§ DATA FOR THIS TASK:
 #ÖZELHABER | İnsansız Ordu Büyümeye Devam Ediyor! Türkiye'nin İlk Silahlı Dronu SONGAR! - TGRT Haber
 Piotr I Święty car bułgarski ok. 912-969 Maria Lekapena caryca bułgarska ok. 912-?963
--
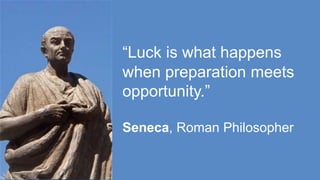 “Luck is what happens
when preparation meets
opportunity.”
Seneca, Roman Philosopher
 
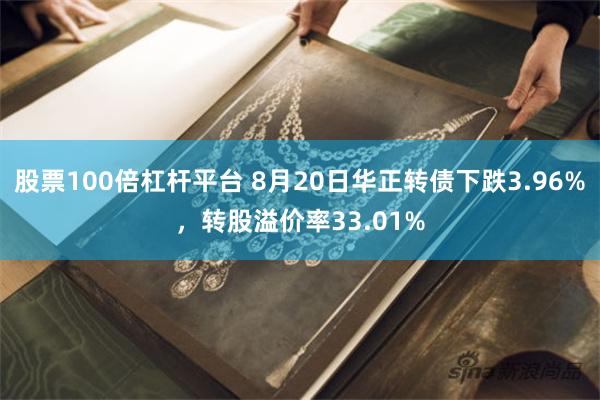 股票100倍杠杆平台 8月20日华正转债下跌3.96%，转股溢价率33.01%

§ PROBLEM STATEMENT: From the records above, retype only the lines starting at the line that contains "#ÖZELHABER | İnsansız" and ending at the line that contains "Piotr I Święty", both included.

§ EXERCISE RESPONSE:
 #ÖZELHABER | İnsansız Ordu Büyümeye Devam Ediyor! Türkiye'nin İlk Silahlı Dronu SONGAR! - TGRT Haber
 Piotr I Święty car bułgarski ok. 912-969 Maria Lekapena caryca bułgarska ok. 912-?963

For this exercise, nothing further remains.